Aimeriez-vous tout de même passer un peu plus de temps à parler de votre art, plutôt que de vos causes?

"Non, parce que les causes que je défends me touchent vraiment. Évidemment, je suis content de voir que mon DVD se vend bien. Vous savez, j’aurais pu en faire cinq, des DVD, mais j’ai préféré n’y mettre que mes meilleurs numéros. Ce qui est formidable avec ce projet, c’est de voir des jeunes qui me découvrent et qui découvrent Devos et Félix grâce à ce DVD."

Vous êtes, en quelque sorte, le premier showman francophone. Vous avez ouvert la voie aux Stéphane Rousseau et Anthony Kavanagh dans la francophonie.

"Non, ils ont construit leur carrière tout seuls. Ils n’ont pas eu besoin de moi. Cela dit, c’est vrai qu’il y a quelque chose d’américain dans ce que je fais. Des humoristes chanteurs, compositeurs et musiciens, ça ne se voyait pas souvent! D’ailleurs, c’est Michel Drucker qui a trouvé le titre d’un de mes spectacles en France: Showman!"

Vous avez fréquenté beaucoup de chansonniers. Aujourd’hui, la chanson fait son grand retour dans les pays francophones.

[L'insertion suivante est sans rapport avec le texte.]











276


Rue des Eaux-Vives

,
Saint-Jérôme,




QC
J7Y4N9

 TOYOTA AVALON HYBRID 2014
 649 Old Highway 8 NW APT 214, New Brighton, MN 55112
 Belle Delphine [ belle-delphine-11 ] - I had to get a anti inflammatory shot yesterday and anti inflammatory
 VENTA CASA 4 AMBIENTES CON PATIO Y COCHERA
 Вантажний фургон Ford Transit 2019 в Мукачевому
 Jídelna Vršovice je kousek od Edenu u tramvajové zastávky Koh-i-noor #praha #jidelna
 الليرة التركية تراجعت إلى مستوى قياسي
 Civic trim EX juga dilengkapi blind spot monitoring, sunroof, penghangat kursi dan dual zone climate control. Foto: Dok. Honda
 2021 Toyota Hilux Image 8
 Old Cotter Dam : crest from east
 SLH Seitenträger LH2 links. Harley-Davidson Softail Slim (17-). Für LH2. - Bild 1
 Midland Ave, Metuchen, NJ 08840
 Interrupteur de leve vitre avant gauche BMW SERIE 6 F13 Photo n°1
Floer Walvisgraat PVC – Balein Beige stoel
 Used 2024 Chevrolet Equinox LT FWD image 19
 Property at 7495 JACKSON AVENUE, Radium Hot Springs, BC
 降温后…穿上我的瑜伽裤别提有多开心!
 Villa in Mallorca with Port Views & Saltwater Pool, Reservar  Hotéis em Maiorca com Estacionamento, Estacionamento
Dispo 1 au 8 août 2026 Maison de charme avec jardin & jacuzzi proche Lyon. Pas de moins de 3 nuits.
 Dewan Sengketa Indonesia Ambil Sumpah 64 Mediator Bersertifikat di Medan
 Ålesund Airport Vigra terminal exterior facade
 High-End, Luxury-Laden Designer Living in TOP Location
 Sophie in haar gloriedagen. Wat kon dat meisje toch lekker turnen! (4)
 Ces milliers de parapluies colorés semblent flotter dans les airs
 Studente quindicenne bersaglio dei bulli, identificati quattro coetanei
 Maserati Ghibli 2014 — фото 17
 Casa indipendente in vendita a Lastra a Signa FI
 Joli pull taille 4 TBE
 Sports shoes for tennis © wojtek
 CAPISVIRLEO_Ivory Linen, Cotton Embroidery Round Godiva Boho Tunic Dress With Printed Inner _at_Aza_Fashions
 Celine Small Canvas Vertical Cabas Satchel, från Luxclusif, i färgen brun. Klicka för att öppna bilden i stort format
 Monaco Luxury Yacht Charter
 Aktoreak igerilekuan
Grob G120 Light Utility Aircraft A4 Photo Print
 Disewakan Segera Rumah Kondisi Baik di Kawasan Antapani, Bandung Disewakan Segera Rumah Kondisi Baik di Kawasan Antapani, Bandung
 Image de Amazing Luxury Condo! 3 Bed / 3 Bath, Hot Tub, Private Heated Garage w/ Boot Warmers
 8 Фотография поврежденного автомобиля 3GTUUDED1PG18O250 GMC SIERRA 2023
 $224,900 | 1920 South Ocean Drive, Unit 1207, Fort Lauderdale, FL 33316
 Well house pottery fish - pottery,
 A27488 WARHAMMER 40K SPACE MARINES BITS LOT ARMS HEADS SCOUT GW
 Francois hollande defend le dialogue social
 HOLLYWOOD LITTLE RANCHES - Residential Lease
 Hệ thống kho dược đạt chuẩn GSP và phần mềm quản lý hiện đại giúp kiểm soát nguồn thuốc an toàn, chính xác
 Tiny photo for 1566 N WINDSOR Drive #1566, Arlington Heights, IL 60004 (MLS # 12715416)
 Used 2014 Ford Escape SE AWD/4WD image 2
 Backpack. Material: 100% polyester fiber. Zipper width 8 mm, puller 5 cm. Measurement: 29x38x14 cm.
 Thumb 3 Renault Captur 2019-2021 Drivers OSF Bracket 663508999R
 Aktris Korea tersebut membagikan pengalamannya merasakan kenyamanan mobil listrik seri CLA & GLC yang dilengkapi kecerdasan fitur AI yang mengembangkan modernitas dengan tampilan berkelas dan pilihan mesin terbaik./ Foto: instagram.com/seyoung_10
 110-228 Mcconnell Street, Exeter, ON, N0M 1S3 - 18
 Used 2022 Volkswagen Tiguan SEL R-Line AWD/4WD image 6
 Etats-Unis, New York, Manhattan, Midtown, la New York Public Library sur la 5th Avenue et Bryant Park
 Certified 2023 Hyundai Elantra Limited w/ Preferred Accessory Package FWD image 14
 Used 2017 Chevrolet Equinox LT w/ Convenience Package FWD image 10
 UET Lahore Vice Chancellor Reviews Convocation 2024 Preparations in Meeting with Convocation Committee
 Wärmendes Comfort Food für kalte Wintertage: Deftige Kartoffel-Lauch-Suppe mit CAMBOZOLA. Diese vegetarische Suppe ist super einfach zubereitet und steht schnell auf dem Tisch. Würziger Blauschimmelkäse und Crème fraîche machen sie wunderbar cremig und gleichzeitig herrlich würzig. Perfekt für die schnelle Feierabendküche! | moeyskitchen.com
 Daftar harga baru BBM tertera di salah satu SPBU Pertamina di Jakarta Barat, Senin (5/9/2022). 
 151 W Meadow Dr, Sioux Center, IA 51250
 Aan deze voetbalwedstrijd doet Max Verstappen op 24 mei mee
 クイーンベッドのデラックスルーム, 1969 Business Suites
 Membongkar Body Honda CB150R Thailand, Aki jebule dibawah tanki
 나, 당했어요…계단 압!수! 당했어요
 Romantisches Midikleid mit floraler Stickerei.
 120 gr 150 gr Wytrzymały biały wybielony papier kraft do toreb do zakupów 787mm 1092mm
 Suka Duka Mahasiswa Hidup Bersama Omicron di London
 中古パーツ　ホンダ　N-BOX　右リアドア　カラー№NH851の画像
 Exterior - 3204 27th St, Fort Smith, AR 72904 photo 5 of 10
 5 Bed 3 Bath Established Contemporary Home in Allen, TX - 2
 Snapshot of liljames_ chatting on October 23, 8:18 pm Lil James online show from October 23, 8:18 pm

"C’est quelque chose qui est très proche de moi. J’aime la profondeur, le rire aux larmes. J’aime beaucoup ce que font certains jeunes comme Pierre Lapointe. Félix avait prévu ce retour à la chanson. Il disait: "Un jour viendra où l’on retrouvera les guitares sèches, les paroles, les chansons comme celles de Brel, de Brassens, de Léo Ferré et de mon grand ami Jean-Pierre Ferland." C’est ce qui se passe en ce moment."